This is an example of building a video Question-Answer system using Jina.

The index data is subtitle files of YouTube videos. After indexing, you can query with questions in natural langurage and retrieve the related video together with the timestamp that the corresponding answer appears.


pip install -r requirements.txt


By default, we index the subtitle file, toy-data/zvXkQkqd2I8.vtt

python app.py -m index

Query with questions,

python app.py -m query

To start the video UI, run the following codes and open http://localhost:3000/video/ in your browser.

git clone https://github.com/jina-ai/jina-ui.git
cd jina-ui
git checkout showcase-video-search
yarn install
yarn jinajs build
yarn showcases dev

How it works

The index flow is as below. The sentences are extracted from the subtitle file. The meta information of the sentences are stored in the LMDBStorage. In the other pathway, the sentences of the subtitles are encoded by the DPRTextEncoder and afterwards the result embeddings are stored in the SimpleIndexer.

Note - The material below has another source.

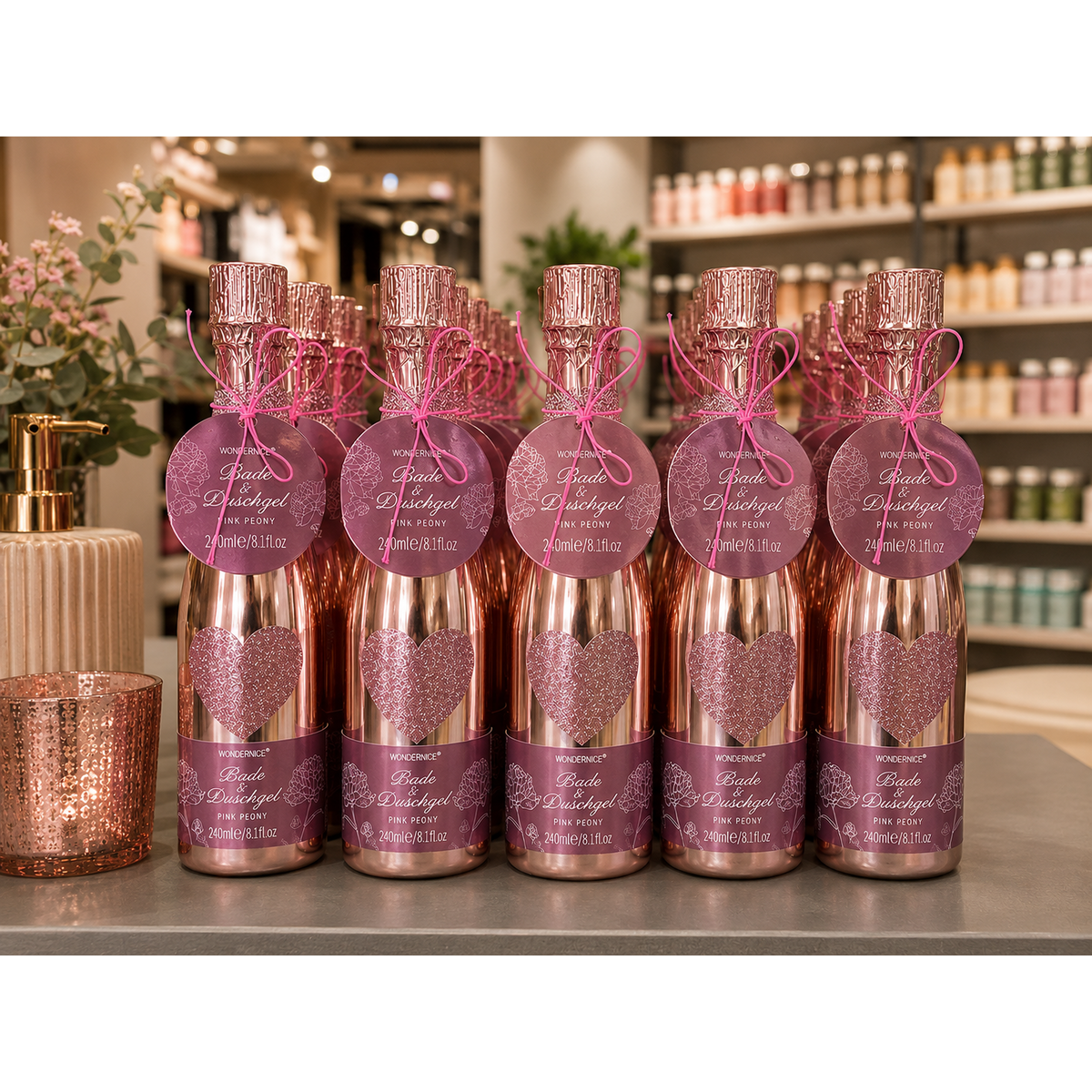 240ml bath and shower gel in a rose colored piccolo bottle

The query flow is as shown below.

  1. The input query is a question which is encoded into embeddings by using DPRTextEncoder.
  2. The embedding of the query question is used to retrieve the sentences from SimpleIndexer.
  3. After retrieving the indexed sentences, we use MatchExpander to extend the questions so that the sentences from the neighboring timestamps are considered as candidate sentences as well.
  4. The candidate sentences retrieved from the above steps have no text or meta information. We retrieve the meta information from LMDBStorage.
  5. Rank the candidate sentences and extract the exact answers from the sentences by using DPRReaderRanker.
  6. Get the timestamp and video uri information about the answer candidates with Text2Frame

How to index my own data? [W.I.P.]

  1. download the subtitle files

youtube-dl --write-auto-sub --skip-download https://www.youtube.com/watch\?v\=zvXkQkqd2I8 -o data/zvXkQkqd2I8
  1. run the following

python app.py -m index -d data
python app.py -m query